(YOUR OBJECTIVE)
Lines in the records below that contain the word "Vintage" must each be copied.

Brief descriptive captions
----------------------------------------
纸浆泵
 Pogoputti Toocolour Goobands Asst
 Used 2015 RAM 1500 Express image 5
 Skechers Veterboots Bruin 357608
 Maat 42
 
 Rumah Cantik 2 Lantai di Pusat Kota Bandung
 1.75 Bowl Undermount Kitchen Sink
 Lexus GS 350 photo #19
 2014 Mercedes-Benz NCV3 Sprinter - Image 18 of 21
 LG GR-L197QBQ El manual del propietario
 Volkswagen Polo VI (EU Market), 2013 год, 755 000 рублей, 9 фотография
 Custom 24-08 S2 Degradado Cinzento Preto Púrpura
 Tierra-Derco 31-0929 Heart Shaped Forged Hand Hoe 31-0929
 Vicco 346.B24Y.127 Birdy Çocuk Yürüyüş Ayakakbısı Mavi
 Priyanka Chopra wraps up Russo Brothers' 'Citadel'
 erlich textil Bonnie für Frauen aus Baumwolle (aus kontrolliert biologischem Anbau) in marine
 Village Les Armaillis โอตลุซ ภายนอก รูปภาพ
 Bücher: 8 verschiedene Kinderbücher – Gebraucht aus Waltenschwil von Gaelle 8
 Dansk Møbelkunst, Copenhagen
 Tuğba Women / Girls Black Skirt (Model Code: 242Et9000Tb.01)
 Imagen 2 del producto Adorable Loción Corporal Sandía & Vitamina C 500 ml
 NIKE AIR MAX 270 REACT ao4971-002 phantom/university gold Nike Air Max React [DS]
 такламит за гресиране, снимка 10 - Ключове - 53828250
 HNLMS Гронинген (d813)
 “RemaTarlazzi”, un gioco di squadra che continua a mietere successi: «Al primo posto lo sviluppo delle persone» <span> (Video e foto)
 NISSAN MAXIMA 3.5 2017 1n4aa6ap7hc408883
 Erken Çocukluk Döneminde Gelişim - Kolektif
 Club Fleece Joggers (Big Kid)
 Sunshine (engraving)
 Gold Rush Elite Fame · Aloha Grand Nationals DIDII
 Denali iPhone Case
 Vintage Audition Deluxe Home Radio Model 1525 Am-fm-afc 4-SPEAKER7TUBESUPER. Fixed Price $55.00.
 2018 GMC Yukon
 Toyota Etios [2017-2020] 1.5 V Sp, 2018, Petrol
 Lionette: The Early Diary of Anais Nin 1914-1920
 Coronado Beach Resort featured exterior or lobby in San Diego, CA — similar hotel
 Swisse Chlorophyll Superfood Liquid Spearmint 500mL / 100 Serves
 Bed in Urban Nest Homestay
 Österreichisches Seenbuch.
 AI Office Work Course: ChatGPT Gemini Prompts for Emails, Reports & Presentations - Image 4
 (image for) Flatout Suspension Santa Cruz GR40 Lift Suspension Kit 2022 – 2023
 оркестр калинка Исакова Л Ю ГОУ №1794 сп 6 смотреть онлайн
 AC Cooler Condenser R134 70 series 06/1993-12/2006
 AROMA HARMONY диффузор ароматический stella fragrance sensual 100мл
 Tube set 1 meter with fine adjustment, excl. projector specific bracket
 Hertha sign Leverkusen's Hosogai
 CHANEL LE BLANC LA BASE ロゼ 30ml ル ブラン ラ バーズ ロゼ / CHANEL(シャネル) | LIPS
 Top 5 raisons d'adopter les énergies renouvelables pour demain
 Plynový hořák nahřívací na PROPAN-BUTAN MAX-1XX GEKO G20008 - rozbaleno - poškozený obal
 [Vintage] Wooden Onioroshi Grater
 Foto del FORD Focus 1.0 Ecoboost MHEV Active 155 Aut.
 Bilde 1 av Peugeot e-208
----------------------------------------
(SOLUTION FOR THIS TASK)
 Vintage Audition Deluxe Home Radio Model 1525 Am-fm-afc 4-SPEAKER7TUBESUPER. Fixed Price $55.00.
 [Vintage] Wooden Onioroshi Grater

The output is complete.